'Lord Jesus, What Would You Have Us Do?'

Complimentary Story
  “Therefore, if anyone is in Christ, he is a new creation; old things have passed away; behold, all things have become new.  Now all things are of God, who has reconciled us to Himself through Jesus Christ, and has given us the ministry of reconciliation, that is, that God was in Christ reconciling the world to Himself, not imputing their trespasses to them, and has committed to us the word of reconciliation. Now then, we are ambassadors for Christ, as though God were pleading through us: we implore you on Christ's behalf, be reconciled to God.  For He made Him who knew no sin to be sin for us, that we might become the righteousness of God in Him.”   (2 Corinthians 5: 17-21).
   “Lord Jesus…what would You have us do?” This question reverberated in my mind after reading my friend Rob Pue’s editorial in the Wisconsin Christian News entitled, “The Content of Your Character.”  (WCN, Volume 15, Issue 5).  I called Rob and told him that it was a very troubling and painful read for me. He extended an invitation to reply in rebuttal, and I am very grateful for the offer. But rather than merely rebut, I offer another view of the reality of racism in America in light of what The Lord Jesus Christ would have His people do in response.
   In 2 Corinthians chapter 5, the Apostle Paul laid out a description of followers of The Lord Jesus Christ. Within these verses we see that:  We are a new creation…we are no longer lost in sin. We have been reconciled to God…we are no longer separated from, but have been brought near to God. We have been given the ministry of reconciliation…we are to show others the reconciliation we have received. We are ambassadors for Christ… we are to represent The Lord Jesus Christ and reach out to those who are still lost. We are to implore the lost to be reconciled to God…we are to lovingly, sacrificially and passionately invite the lost to receive Jesus Christ as their Lord and Savior and grow in Him. There is no more important mission in the entire world. As followers of The Lord Jesus Christ, this is what we are here for. Nothing should get in the way of, nor dilute this mission or message.

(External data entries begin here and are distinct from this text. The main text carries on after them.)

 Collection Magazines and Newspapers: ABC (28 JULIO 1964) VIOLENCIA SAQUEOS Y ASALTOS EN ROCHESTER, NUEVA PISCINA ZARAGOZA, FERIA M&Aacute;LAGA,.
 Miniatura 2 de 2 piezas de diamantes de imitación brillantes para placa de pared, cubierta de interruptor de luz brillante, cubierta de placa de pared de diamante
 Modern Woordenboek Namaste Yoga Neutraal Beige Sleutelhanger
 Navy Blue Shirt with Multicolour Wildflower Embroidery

   It is amazing how, as humans, our sin nature so easily comes to the fore.  Both saved and unsaved. How quickly we take sides, draw up battle lines and begin firing.  We fire shots of angry words.  In an attempt to “make our case,” we fire missiles of so-called sound reasoning meant to denigrate and malign. How easy it is for some to engage in a barrage of cold, calloused, incendiary verbiage carelessly flung about the workplace lunchroom. Some share their “righteous ideals” so eagerly by anonymously responding to Internet stories - posting things they’d never say in person. Others spread undocumented suppositions declared as truth in print and broadcast editorials and commentaries. 
   For the Believer in Jesus Christ, is this what we are called to do? Is this what The Lord Jesus Christ left us here for? 

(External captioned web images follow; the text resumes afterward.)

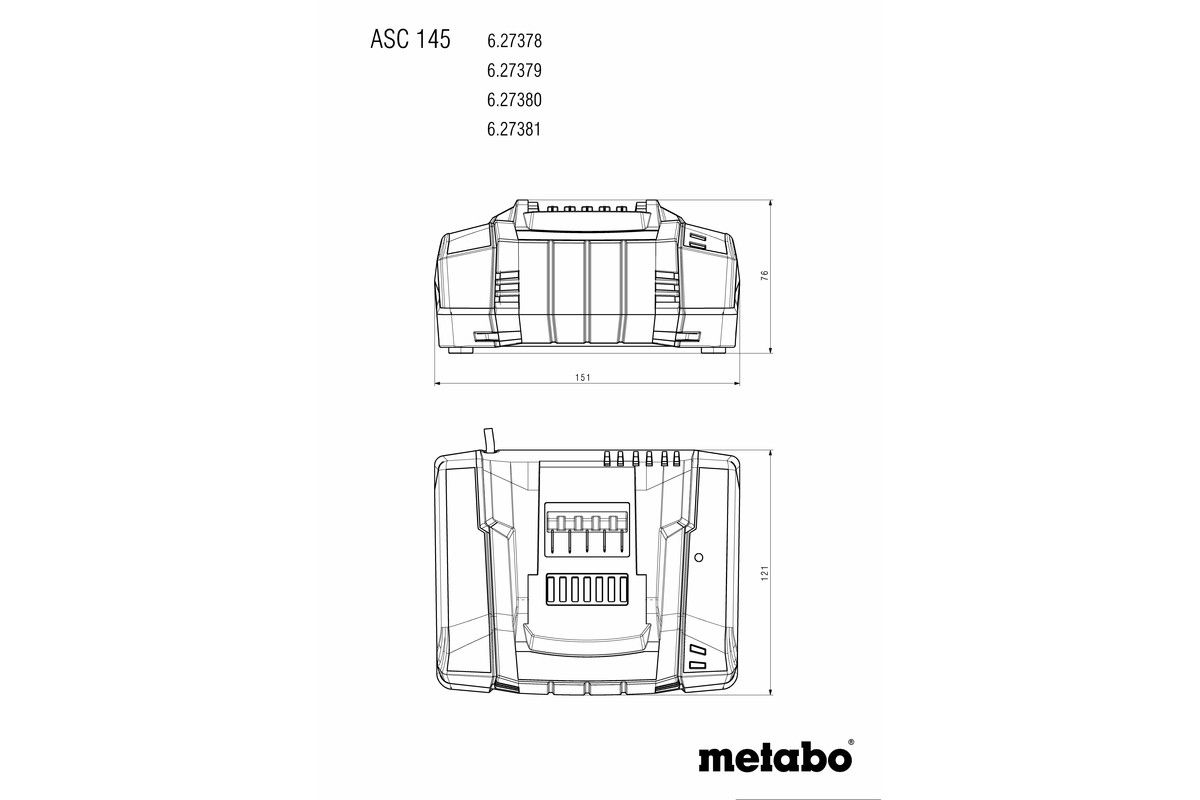 Schnellladegerät ASC 145, 12-36V - Air Cooled, Metabo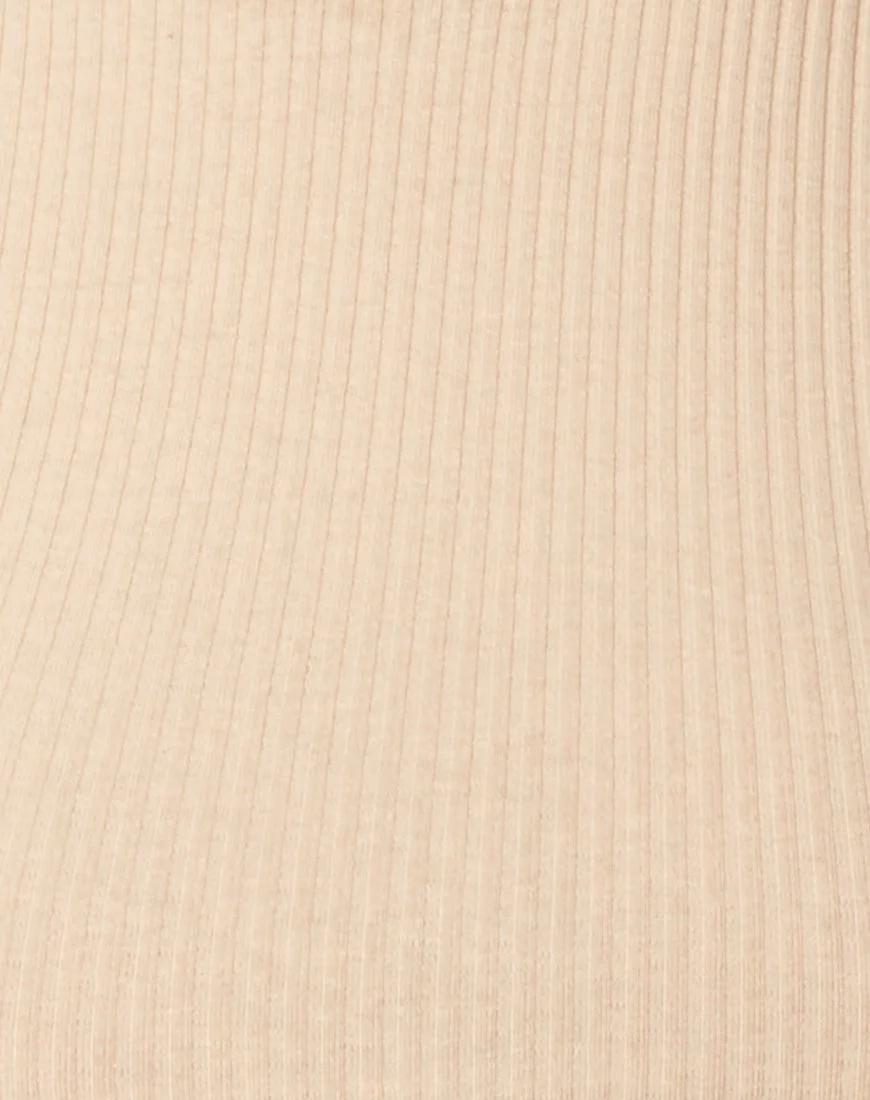 Azura Crop Top in Rib Sand - Image 5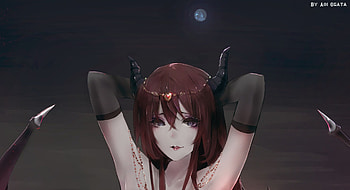 Anime, Original, Horns, Red Hair HD wallpaper
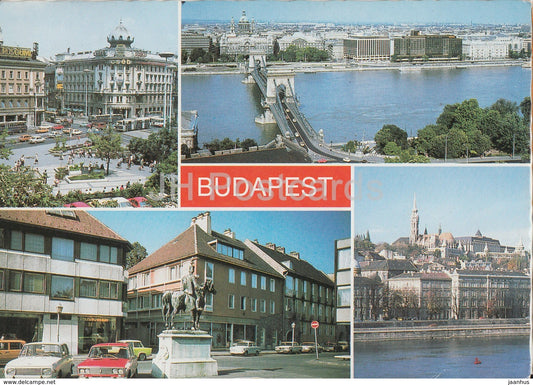 Budapest - monument - car Zhiguli - bridge - architecture - multiview - Hungary - used - JH Postcards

   As much as America is a “melting pot,”  we are a country comprised of a myriad of varied cultures. From North to South, east coast to west coast, urban to rural, rich to poor, Republican to Democrat to Independent…we all have different experiences, dissimilar modes of communication and diverse ways of thinking. This, in addition to the differences that are race based. 
   Having spent most of my life in big cities, my family and I have spent the last seven years in the rural setting of Northeastern Wisconsin. I frequently hear folks talk about how awful the city is. Personally, I’ve always loved city life. More and more, I am learning to love and appreciate the beauty of the country.  But I still love the city.  Conversely, I’ve never gone deer hunting, nor hunted anything for that matter. Yet hundreds of thousands enjoy deer hunting each year here in Wisconsin. It’s part of the culture.  Is one culture better or worse than the other? No. It’s just different. I realize this is a fairly innocuous comparison. Yet the point is that we all are different…from the food we eat, to how we recreate, to the music we listen to, to how old or how young we are, to the traditions we love, to how we worship. We are all different. 
   And where differences are, there is always the potential for controversy and contention. I offer church music as exhibit A. Hymns or contemporary? Organ or praise band…or no instruments at all? While there are churches who have successfully navigated this musical whitewater, there are others who have capsized, or at best, have had their congregational raft badly damaged in this tempestuous river. 
   Differences exist...a reality worth remembering whenever topics of racial strife are addressed. The national debate over Ferguson, Missouri is disheartening and disturbing, particularly with regard to the response of some in the Church of Jesus Christ here in America. People have weighed in on this debate with feelings rather than facts…hearsay rather than reality…fangs-bared emotion rather than heart, eyes, ears and mind guided by The Lord Jesus Christ. 
   With respect to the “Content of Your Character” piece, I find I have to humbly disagree with my friend Rob Pue on several points. While much of Rev. Dr. Martin Luther King’s Dream has been realized, much remains to fulfill that Dream. Likewise, the racial tension in our country isn’t born of people like Rev. Jesse Jackson and Rev. Al Sharpton who report on race issues. That would be tantamount to blaming firefighters for burning buildings they are sent to extinguish. Don’t let likes or dislikes of Rev. Jackson or Rev. Sharpton distort the reality of the race issues they and many other are pointing to…too often falling on deaf ears. 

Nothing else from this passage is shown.